La France possède le plus long réseau de voies navigable d’Europe, soit 8 500 km de voies navigables sur un total de 38 000 km. Le réseau fluvial et fluviomaritime connecte sans rupture de charge la France à la Russie et permet même par le Danube de rallier la Turquie via le Bosphore pour atteindre Istanbul.

Or, notre réseau de voies navigables est très largement sous utilisé au profit du transport routier qui représente 88% du transport de marchandises et seulement 10% pour le réseau ferré. Le transport fluvial quant à lui représente moins de 3% des tonnes-kilomètres transportées contre 7% en moyenne en Europe (12% en Belgique, 15% en Allemagne et 43% au Pays Bas).
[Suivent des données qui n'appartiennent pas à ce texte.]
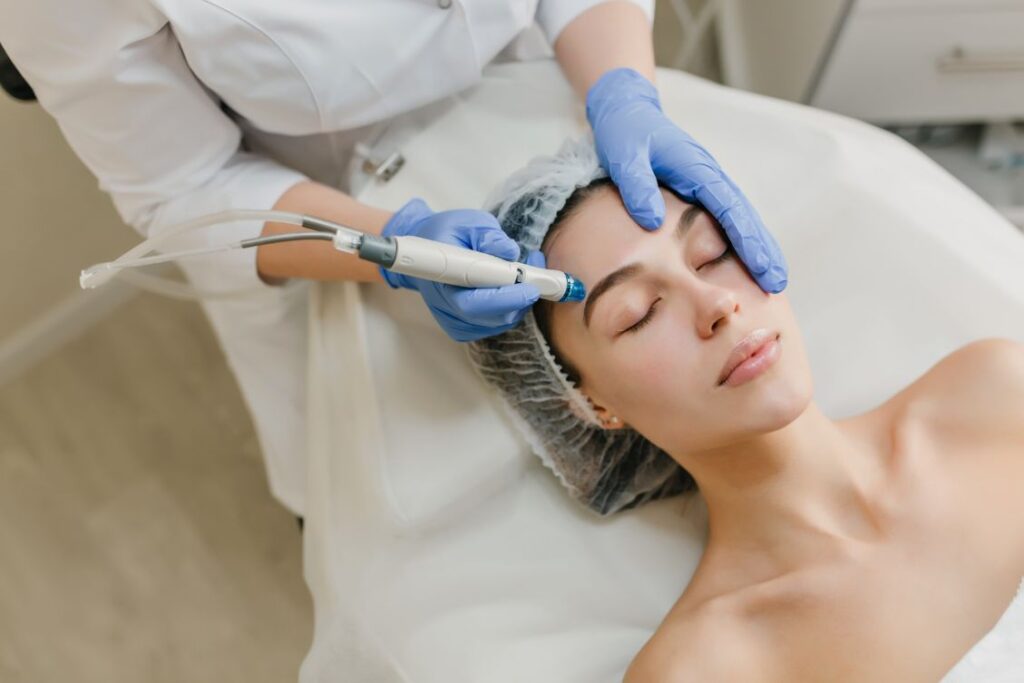 Microneedling - Boosting Collagen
Ce type de transport, même carboné émet 4 fois moins de CO2 que les transports routiers.

Les chiffres sont pourtant éloquents : le secteur du transport compte pour près de 30 % des émissions de gaz à effet de serre en France. La quasi-totalité (95%) provient des camions et des voitures et la part du transport routier de marchandises représente 43 % des émissions totales du secteur.
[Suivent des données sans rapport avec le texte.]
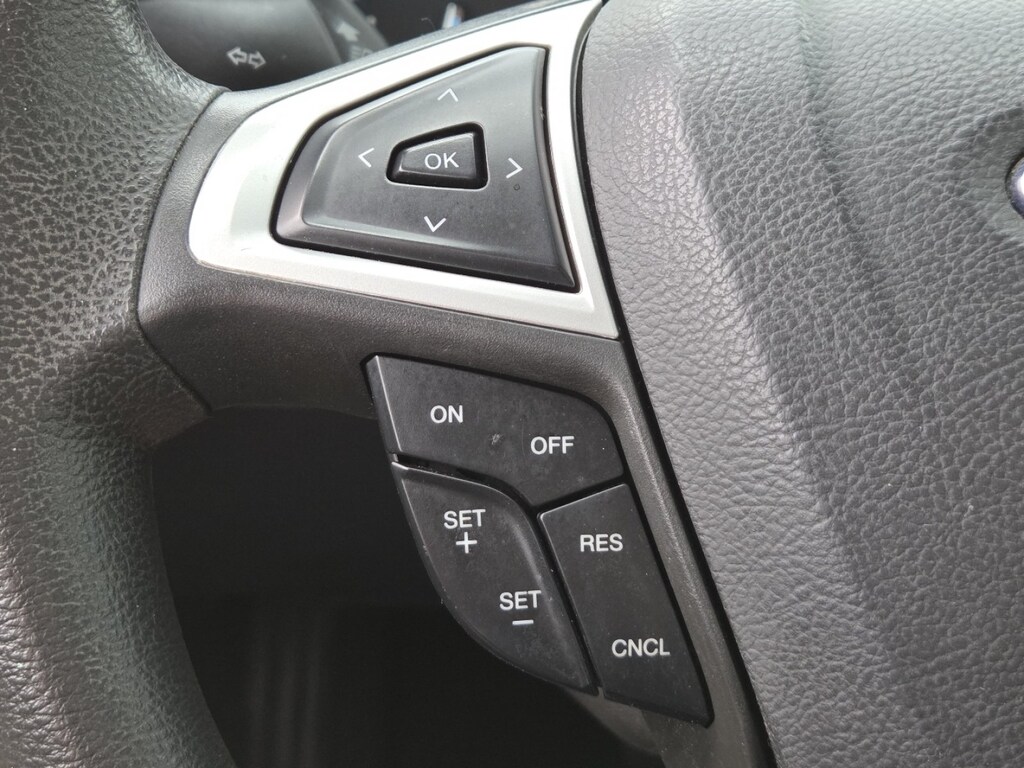 Used 2014 Ford Fusion SE Sedan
À titre d’exemple, les 7 ports fluviaux Paris-Lille–Bruxelles- Utrecht- Liège- RheinPort – Ports de Suisse permettent de retirer sur les routes, chaque année, 4 à 5 millions de camions. Cela représente 219 millions de litres de gasoil en moins (63%) et 56 millions de tonnes de CO2 en moins (62%). L’impact n’est pas uniquement écologique, il est également humain, financier et social : 27 accidents mortels et 115 accidents graves sont évités; 32 millions d’euros en moins en matière de coût social lié aux nuisances sonores, aux embouteillages, au stress…

Principalement utilisé pour des transports de marchandises de pondéreux, d’hydrocarbures, de céréales et de matériaux de construction, le transport fluvial peut également assurer des lignes régulières de transport de conteneurs de denrées ne nécessitant pas des délais d’acheminement rapides tels que les granulats, les produits de recyclage, les  vins et spiritueux, les fruits (pommes, bananes), les chaussures, la téléphonie, les vêtements ; les produits chimiques, les accessoires de mode, les produits d’hygiène…

Une petite péniche au gabarit Freycinet (38,5 mètres) transporte l’équivalent de 25 camions et consomme 4 fois moins qu’un seul camion.

De même, une barge qui peut transporter 5000 tonnes de marchandises, permet de retirer des routes entre 200 et 300 camions et de décongestionner l’entrée des métropoles.

La distribution urbaine fluviale offre une très grande souplesse. Livrer les villes par ce mode de transport est un nouveau défi qui permet de répondre au besoin des commerces de proximité et de la livraison à domicile.

Le chargement et le déchargement peuvent se faire de manière automatisée sur des camionnettes électriques. La préparation des livraisons peut s’effectuer à bord des péniches et être délivrées au plus près des points de ravitaillement, sous forme de halte fluviale en triporteur, en voiture électrique ou dans les bus avec un quai sans équipement de manutention.

De plus, les bâtiments industriels et de stockage qui bordent les canaux à l’approche des agglomérations sont vides. Ils peuvent être reconvertis en centres logistiques pour la distribution urbaine comme point de stockage, de tri et d’étiquetage.

Ce type de transport (péniches, barges, etc.) est particulièrement adapté aux nouvelles motorisations à l’hydrogène (piles à combustible). Des exemples concrets sont à déjà à l’œuvre : la Compagnie Fluviale des Transports, vient de commander un pousseur à hydrogène pour servir sur le Rhône. Aussi, le courant quai peut être amené par l’hydrogène, identifié comme le seul carburant maritime vraiment efficace pour traiter toutes les émissions polluantes.

Le déclin avéré du réseau fluvial ne doit plus être une fatalité. Son manque d’entretien, depuis plusieurs décennies, entraine des difficultés d’exploitation que nous ne devons plus observer en arguant des difficultés d’investissement.

Pour toutes ces raisons, l’Europe et la France doivent imposer une transition énergétique basée sur des transports vertueux par un véritable « Plan Marshal » des déplacements et de certains frets. Dans cet esprit, il apparait fondamental de faire du transport fluvial et fluviomaritime une grande cause nationale et européenne.